Backhaus ist wütend auf Landrätin Kassner, der er „katastrophalen Umgang“ mit der Krisensituation vorwirft. Es geht für ihn um mehr als die Vogelgrippe auf Rügen. Seit 1998 ist er Minister, seit 2003 SPD-Landesparteichef. Die Vogelgrippe ist für ihn nicht die erste Krise. Als es um die Schweinepest, BSE und den Nitrofen- Skandal ging, versuchte er sich stets als Aufklärer zu präsentieren – was ihm bislang auch gelang. Politisch unbeschadet überstand er die Gefahren für die Branche und sein Ansehen. Lange Zeit galt er als Kronprinz von Regierungschef Harald Ringstorff. Der will, nachdem sich Backhaus einige politische Patzer leistete, bei der Landtagswahl im September selbst zum dritten Mal antreten. Umso mehr muss Backhaus fürchten, dass die Vogelgrippe seine politische Karriere knickt.

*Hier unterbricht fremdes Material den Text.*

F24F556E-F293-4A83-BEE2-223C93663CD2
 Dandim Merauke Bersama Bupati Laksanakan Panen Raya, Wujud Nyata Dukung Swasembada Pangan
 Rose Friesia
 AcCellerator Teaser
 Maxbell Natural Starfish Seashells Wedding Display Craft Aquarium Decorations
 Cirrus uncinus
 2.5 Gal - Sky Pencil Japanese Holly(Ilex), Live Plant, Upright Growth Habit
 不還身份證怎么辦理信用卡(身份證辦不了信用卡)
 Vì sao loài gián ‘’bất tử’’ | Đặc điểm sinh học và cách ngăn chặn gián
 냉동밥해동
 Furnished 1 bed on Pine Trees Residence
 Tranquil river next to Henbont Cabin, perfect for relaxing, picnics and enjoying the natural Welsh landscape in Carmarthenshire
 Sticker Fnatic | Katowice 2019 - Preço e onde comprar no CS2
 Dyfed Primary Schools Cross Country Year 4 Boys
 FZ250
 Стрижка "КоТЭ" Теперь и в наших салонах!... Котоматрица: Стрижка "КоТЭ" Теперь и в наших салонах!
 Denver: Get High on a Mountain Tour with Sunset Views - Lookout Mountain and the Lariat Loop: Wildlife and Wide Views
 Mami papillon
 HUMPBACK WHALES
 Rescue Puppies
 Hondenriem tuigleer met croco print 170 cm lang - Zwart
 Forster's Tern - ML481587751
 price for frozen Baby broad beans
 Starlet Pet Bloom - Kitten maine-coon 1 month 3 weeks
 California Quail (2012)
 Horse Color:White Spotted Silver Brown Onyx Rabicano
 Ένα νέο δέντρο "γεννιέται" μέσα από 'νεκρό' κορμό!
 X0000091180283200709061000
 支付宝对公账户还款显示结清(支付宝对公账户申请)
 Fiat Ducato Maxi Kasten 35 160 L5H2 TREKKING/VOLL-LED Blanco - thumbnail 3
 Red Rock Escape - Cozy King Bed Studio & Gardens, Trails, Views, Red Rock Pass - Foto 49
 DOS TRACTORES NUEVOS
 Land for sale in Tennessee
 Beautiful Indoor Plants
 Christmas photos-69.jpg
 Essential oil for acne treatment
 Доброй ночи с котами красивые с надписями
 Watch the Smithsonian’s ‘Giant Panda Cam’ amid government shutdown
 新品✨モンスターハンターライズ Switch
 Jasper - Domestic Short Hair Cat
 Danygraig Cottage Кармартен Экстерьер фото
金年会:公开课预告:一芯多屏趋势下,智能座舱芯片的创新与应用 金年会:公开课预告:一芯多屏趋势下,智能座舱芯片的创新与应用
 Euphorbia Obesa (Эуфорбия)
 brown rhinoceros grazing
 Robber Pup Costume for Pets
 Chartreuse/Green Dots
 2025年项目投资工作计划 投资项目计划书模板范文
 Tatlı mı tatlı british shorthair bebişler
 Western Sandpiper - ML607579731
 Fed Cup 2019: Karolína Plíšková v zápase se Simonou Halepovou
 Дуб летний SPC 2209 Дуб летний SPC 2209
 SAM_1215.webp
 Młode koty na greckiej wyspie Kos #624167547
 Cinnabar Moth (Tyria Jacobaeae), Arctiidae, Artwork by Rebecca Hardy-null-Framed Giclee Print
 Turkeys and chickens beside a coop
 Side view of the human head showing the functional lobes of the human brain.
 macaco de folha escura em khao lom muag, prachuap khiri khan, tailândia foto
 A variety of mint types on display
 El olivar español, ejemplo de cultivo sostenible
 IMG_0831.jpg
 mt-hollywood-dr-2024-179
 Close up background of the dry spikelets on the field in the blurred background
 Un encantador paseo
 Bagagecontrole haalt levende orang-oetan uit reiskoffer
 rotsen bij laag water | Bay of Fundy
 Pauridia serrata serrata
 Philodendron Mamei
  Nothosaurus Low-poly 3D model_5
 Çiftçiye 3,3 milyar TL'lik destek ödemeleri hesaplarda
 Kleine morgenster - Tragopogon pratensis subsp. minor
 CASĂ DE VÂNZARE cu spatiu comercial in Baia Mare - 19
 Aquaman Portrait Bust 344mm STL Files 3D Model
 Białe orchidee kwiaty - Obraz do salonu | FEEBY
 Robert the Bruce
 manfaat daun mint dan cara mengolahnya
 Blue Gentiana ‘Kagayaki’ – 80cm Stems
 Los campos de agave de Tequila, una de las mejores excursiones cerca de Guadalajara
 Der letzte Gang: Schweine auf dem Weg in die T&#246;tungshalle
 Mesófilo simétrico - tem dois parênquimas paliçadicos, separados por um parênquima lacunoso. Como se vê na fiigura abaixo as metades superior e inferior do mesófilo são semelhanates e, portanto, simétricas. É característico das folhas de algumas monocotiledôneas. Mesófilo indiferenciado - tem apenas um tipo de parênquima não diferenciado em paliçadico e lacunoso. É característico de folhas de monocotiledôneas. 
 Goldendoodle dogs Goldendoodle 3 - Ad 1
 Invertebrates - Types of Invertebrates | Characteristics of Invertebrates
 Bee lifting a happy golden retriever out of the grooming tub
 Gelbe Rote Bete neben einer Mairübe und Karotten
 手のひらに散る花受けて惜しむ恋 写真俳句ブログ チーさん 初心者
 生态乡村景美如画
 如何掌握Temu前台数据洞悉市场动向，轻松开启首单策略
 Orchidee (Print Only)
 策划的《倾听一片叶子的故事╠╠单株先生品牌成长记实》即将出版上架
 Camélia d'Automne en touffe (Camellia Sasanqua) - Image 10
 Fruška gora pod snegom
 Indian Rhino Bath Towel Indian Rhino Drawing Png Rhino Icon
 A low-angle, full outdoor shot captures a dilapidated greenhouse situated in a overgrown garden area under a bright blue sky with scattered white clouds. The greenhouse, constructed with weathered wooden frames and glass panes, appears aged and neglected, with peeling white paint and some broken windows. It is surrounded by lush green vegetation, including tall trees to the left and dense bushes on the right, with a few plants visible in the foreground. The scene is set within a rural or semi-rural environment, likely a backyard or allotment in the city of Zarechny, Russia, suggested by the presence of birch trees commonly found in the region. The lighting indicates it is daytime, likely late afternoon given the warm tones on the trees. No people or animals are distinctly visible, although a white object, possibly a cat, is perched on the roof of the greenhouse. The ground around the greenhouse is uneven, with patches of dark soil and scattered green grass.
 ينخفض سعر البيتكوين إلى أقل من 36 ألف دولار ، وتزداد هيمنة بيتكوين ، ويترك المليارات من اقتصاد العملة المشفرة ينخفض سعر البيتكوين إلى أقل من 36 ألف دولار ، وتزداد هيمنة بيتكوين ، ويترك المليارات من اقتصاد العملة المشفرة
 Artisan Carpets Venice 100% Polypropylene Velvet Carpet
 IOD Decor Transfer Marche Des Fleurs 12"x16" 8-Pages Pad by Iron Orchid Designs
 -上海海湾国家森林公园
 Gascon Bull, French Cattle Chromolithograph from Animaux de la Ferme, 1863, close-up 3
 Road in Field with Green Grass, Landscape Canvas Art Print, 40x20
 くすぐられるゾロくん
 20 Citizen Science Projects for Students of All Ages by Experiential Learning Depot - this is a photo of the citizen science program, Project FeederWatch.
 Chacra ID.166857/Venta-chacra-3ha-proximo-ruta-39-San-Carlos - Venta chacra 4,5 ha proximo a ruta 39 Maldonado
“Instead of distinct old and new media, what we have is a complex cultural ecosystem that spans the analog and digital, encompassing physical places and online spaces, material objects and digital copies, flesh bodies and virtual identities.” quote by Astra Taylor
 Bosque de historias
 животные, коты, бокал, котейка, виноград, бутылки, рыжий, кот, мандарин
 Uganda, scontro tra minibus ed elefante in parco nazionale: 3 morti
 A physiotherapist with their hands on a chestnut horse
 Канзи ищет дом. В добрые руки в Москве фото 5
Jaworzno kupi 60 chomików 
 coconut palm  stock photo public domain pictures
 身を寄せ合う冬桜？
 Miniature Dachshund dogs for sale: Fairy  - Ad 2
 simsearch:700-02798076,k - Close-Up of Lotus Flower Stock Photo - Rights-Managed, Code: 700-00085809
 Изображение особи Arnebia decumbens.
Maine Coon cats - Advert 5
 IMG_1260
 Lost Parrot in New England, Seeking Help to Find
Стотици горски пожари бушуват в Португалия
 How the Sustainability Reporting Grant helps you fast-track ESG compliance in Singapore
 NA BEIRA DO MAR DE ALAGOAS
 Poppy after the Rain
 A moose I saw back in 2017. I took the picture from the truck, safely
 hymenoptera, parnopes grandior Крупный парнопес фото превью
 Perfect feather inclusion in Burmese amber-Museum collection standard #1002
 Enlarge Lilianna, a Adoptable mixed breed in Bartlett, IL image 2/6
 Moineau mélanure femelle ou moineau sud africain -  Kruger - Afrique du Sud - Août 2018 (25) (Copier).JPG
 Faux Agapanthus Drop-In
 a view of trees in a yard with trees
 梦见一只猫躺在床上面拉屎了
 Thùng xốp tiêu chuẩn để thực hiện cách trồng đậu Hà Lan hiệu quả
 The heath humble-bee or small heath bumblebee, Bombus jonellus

Backhaus gilt als genauso populär wie populistisch. Einst trat er in den Hungerstreik, als in seinem Wahlkreis ein Krankenhaus geschlossen werden sollte. Er inspizierte hoch zu Ross die Reitwege des Landes, nimmt an Treckerfahrwettbewerben teil oder verteilte Bier und Bockwurst an die Helfer der Elbeflut im Sommer 2002. Das brachte ihm Spitzenergebnisse von rund 60 Prozent bei den Landtagswahlen ein. Politisch steht er der PDS nicht so nah wie Ringstorff. Zusammen mit dem bevorstehenden Wahlkampf mag dies erklären, warum er mit Rügens PDS-Landrätin Kerstin Kassner öffentlich wenig zimperlich umgeht.